Instrument-based quantum resources: quantification, hierarchies and towards constructing resource theories

TL;DR

This paper develops a comprehensive framework for instrument-based quantum resource theories, defining hierarchies and measures for various resources, thus advancing the understanding of quantum instruments in operational tasks.

Contribution

It introduces and formalizes multiple instrument-based quantum resource theories, including hierarchies and quantification methods, filling a gap in existing resource theory research.

Findings

Hierarchies of instrument-based quantum resources established

Quantitative measures for these resources developed

Framework enables systematic study of quantum instruments in operational tasks

Abstract

Quantum resources are certain features of the quantum world that provide advantages in certain information-theoretic, thermodynamic, or any other useful operational tasks that are outside the realm of what classical theories can achieve. Quantum resource theories provide us with an elegant framework for studying these resources quantitatively and rigorously.
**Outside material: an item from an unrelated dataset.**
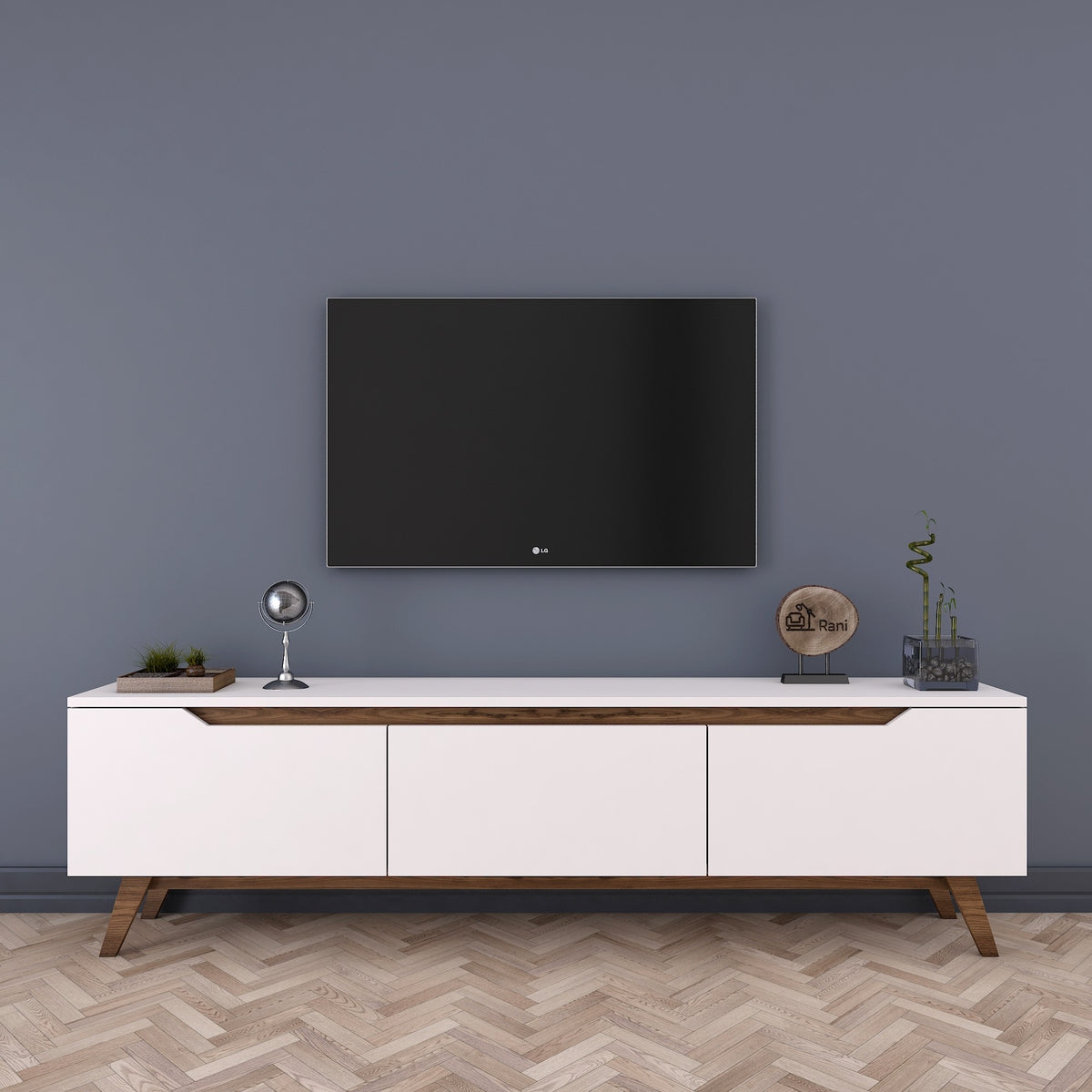 Rani D1 Tv Ünitesi Modern Ayaklı Tv Sehpası 180 cm Beyaz - Minyatür Ceviz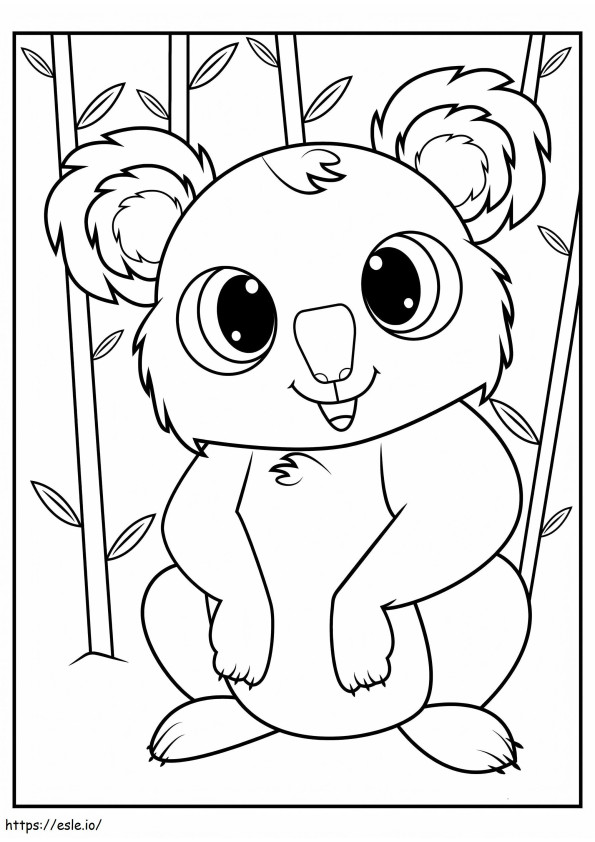 Coloriage Koala drôle avec du bambou à imprimer dessin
While numerous state-based quantum resource theories have already been investigated, and to some extent, measurement-based resource theories have also been explored, instrument-based resource theories remain largely unexplored, with only a few notable exceptions. As quantum instruments are devices that provide both the classical outcomes of induced measurements and the post-measurement quantum states, they are quite important, especially for scenarios where multiple parties sequentially act on a quantum system. In this work, we study several instrument-based resource theories, namely (1) the resource theory of information preservability, (2) the resource theory of (strong) entanglement preservability, (3) the resource theory of (strong) incompatibility preservability, (4) the resource theory of traditional incompatibility, and (5) the resource theory of parallel incompatibility. Furthermore, we outline the hierarchies of these instrument-based resources and provide measures to quantify them. In short, we provide a detailed framework for several instrument-based quantum resource theories.